STRESS

Posted by Mark 26 June, 2009 (1) Comment

Problem. What causes you to feel sick when an illness strikes?

Background. There is a great difference between feeling sick and being sick. Being sick means that some part of the body is being damaged by an infection, a wound, or a deficiency of some kind.

Feeling sick is different. When you feel sick you have a headache, a fever, or some other discomfort. You feel this way when you are getting any of a number of diseases.

Explanation. Dr. Hans Selye noticed that sick people generally complain of the same symptoms when they first contract a disease. Selye wondered what causes these symptoms and why they were similar for so many diseases.

After years of research, he discovered that these feelings of sickness have many causes. They are not limited to physical causes. Emotional factors seem to cause many of the same symptoms. Fear, excitement, anger, or great enthusiasm can cause the symptoms as easily as a cold virus. Selye called all these causes stress.

He performed many experiments on rats. In each, he subjected a group of rats to intense cold, or a virus, or a frustrating situation, and certain reactions developed. The most noticeable were stomach disorders, an enlarged adrenal cortex, and shrunken lymph structures.

Selye realized that these three reactions  could be caused by any stress. Continued stress, however, brought about a second reaction; the internal symptoms disappeared! In cases where there was no disease, but there was stress, the body apparently was able to adjust to the stress and continue to function efficiently. Selye concluded that the body can accustom itself to stress and, if the stress is not too severe, can continue to function.

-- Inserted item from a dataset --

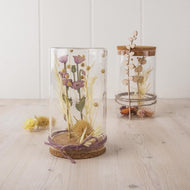 Glazen pot met kurkdeksel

Selye also found that rats cannot tolerate stress forever. If stress is too severe, they eventually die. Fortunately, people are seldom required to tolerate such extreme degrees of stress.

Most people often experience the first two reactions to stress. Your feeling of sickness when you are first catching cold is your reaction to stress.

You have often experienced the second phase of the stress reaction, too. Remember when you got your "second wind" during a tiring game or long period of activity? That was an adaptation to stress.

Today, doctors are finding out more and more about Dr. Selye’s concept of stress. The more they learn, the better they can treat patients who are experiencing one of the three degrees of stress.